記者会見する全国銀行協会の平野信行会長=18日午後、東京都千代田区【拡大】
紙の通帳のないインターネット口座の普及が進む中、大手銀行が紙の通帳を前提にした口座や現金自動預払機(ATM)など旧来型サービスの見直しを検討している。日銀のマイナス金利政策の影響などで収益環境が悪化し、税負担など維持管理費の削減を図りたい思惑がある。ただ、他行に先駆ければ通帳に慣れた預金者の反発で顧客離れを招く恐れがあり、導入時期を慎重に見極めている。

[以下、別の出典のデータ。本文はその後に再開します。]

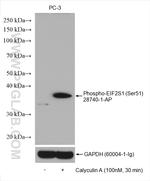 Phospho-EIF2S1 (Ser51) Antibody in Western Blot (WB)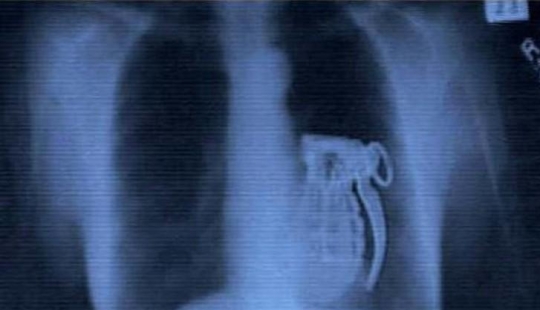 The most incredible objects that have been found in the human body The most incredible objects that have been found in the human body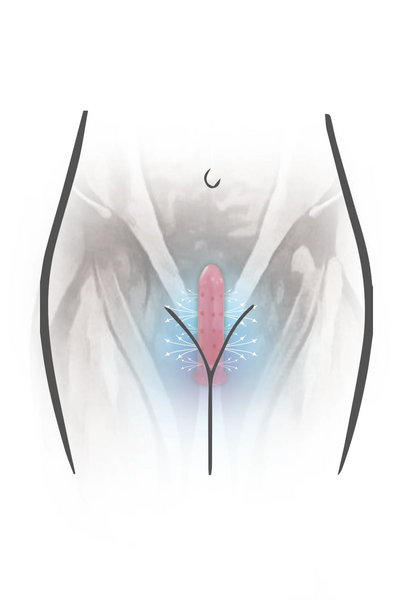 VuVa Neodymium Magnetic Vaginal Dilators Sizes 3,4,5,6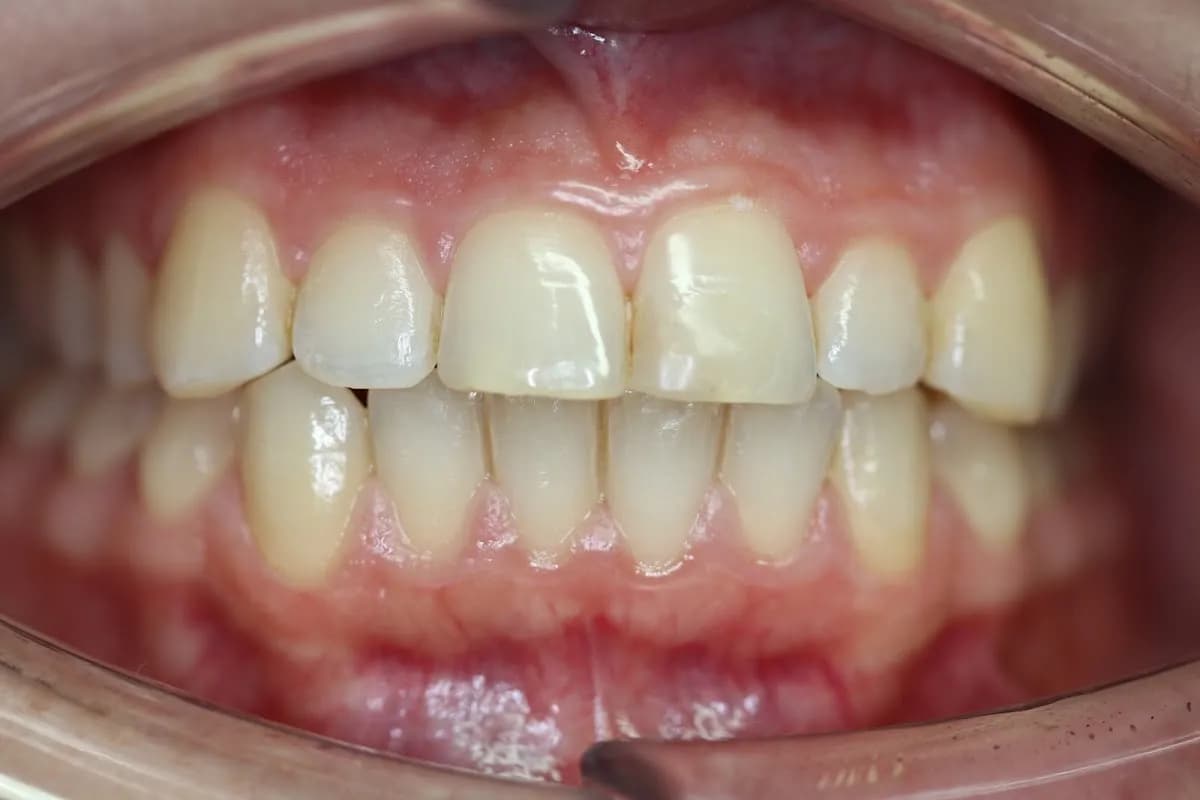 Belmont Dental Care - Dr Sreenesh Kandian & Associates — photo from their Google listing
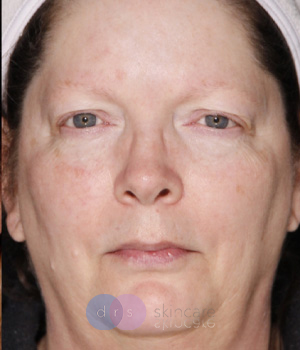 After IPL and Excel V full face treatment Hamilton, ON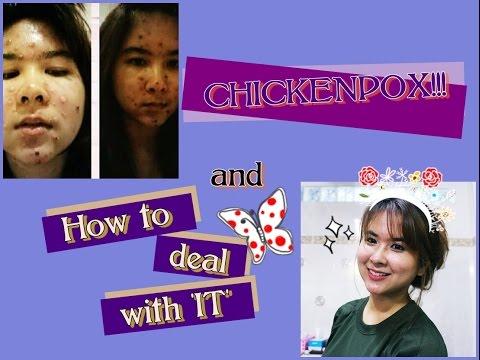 คนทำเต้านมซิลิโคน ราคาสำหรับพลาสติกหน้าอกในมอสโก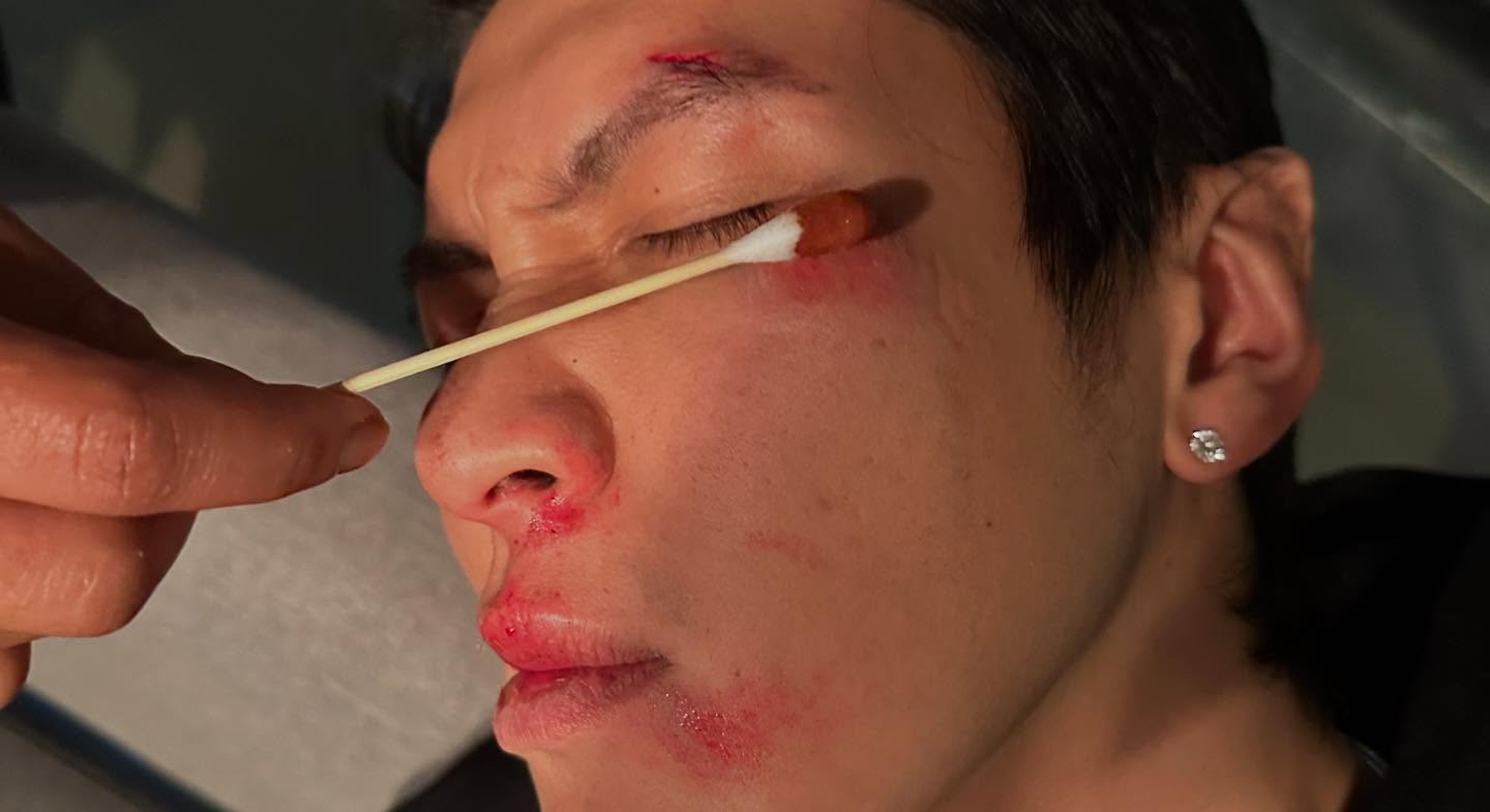 回顧照片中也包括柯震東拍戲受傷,臉部濺血險些破相的現場照。(翻攝柯震東IG)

「手数料の形は理屈としてはあり得る。お客さまにとっての価値を十分考えた上で今後も検討する」
全国銀行協会の平野信行会長(三菱UFJフィナンシャル・グループ社長)は18日、東京都内で開いた記者会見でこう述べ、預金者の理解を前提に「口座維持手数料」などさまざまな検討を各行が進めている現状を説明した。
銀行は紙の通帳を使う口座を維持するため、1口座当たり年間200円の印紙税を国に支払う必要がある。国税庁によると銀行業界全体で2015年度に負担した税額は約726億円に上る。
このため、三菱東京UFJ、三井住友、みずほの3メガバンクでは紙の通帳の発行を有料化したり、毎年の維持手数料を取ったりとの案が浮上している。
また通帳読み取りに加え、小銭を入金できるなど高度な技術が用いられた日本のATMは、限られた紙幣しか使えない海外のものに比べ高額だ。国内行のATM手数料が高い一因との見方もあり、簡素化が今後の課題になる。